Carnegie Mellon Pokerbot Extends Hot Streak at Computer Poker Contest

Program Wins Total Bankroll Category in Heads-Up, No-Limit Texas Hold'Em

Tuesday, February 16, 2016 - by Byron Spice

Ph.D. student Noam Brown and Professor Tuomas Sandholm created Baby Tartanian8, which celebrated a strong showing in the heads-up, no-limit Texas Hold'em game in the Annual Computer Poker Competition.

A computer poker program called Baby Tartanian8 continued Carnegie Mellon's hot streak at the Annual Computer Poker Competition, taking first place in the total bankroll category and third place in the bankroll instant run-off category in the Heads-Up, No-Limit Texas Hold'em game.

Tuomas Sandholm, professor of computer science, and Noam Brown, a Ph.D. student in the Computer Science Department, created the pokerbot for the competition. The results were announced Feb. 13 at the Association for the Advancement of Artificial Intelligence meeting in Phoenix. Ten teams competed this year.

In the total bankroll category, the winner is determined by total winnings. In bankroll instant run-off, the pokerbot with the lowest total bankroll is eliminated in each round.

During the last computer poker competition, in July 2014, the CMU team's Tartanian7 won both categories in heads-up, no-limit Texas Hold'em, prompting the School of Computer Science to create a "Brains Vs.

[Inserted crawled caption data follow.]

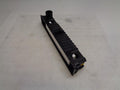 Porsche 928 Radiator End Tank AUTOMATIC BEHR P0-008 NEW R21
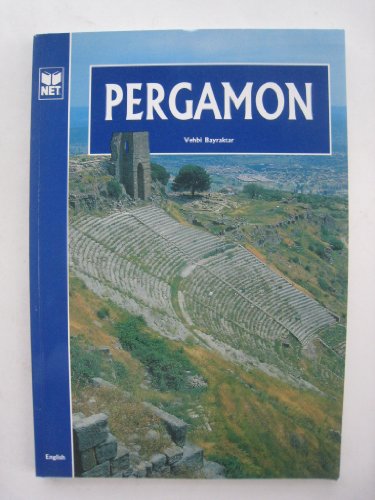 Pergamon - Wide World Maps & MORE! - Book - Wide World Maps & MORE! - Wide World Maps & MORE!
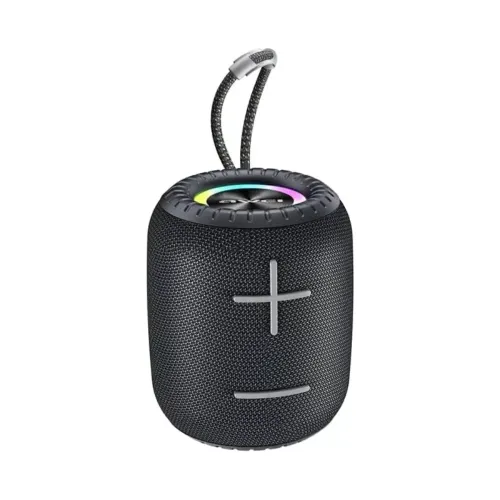 Awei Y526 Portable Bluetooth Speaker Army (6W)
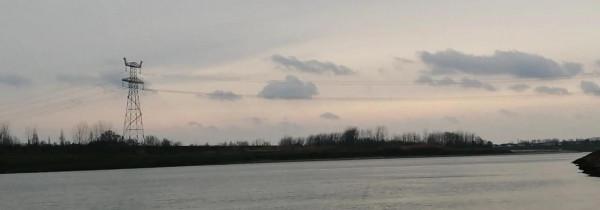 民國時期漢川漢陽兩縣的宗族械鬥 民國時期漢川漢陽兩縣的宗族械鬥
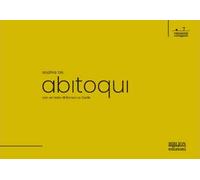 Abito qui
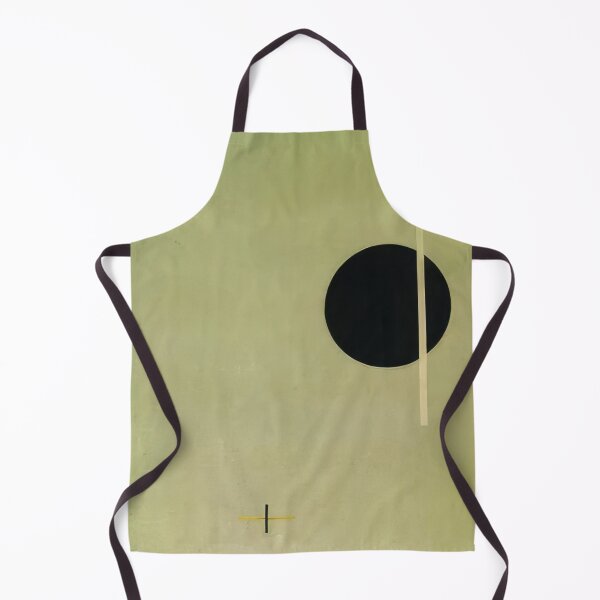 Item preview, Laszlo Moholy-Nagy designed and sold by Cordakidikarts.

Artificial Intelligence" competition that pitted Sandholm's Claudico pokerbot against four of the top 10 human professional heads-up no-limit Texas Hold'em players. That two-week, 80,000-hand contest at Pittsburgh's Rivers Casino ended May 8 with three of the four pros having higher winnings than the pokerbot, but not quite enough to attain statistical significance.

Tartanian8 is a completely new bot whose strategy was created by algorithms from scratch. The algorithms were more advanced than those used to create Tartanian7 and Claudico.

The CMU team competed with a "baby" version of Tartanian8 that was scaled down significantly to fit within the competition's 200 gigabyte data storage limit. It also could not do sophisticated real-time deliberation because of the competition's processing limit. The original Tartanian8 strategy was computed late last fall by Brown and Sandholm on the Comet supercomputer at the San Diego Supercomputer Center.

Poker has become a major test of artificial intelligence, Sandholm explained, because it is an incomplete information game. Players don't know what cards their opponents hold and all players try to mislead their opponents by bluffing, slow play and other devices.

The same sort of algorithms used to play poker could also be used to create strategies for applications involving cybersecurity, business transactions and medicine—all applications that Sandholm's research group works on. For instance, an AI might help doctors develop sequential treatment plans for a patient, or design drugs that are less prone to resistance. Or, such an AI might help people negotiate their best deal when purchasing a house or a car.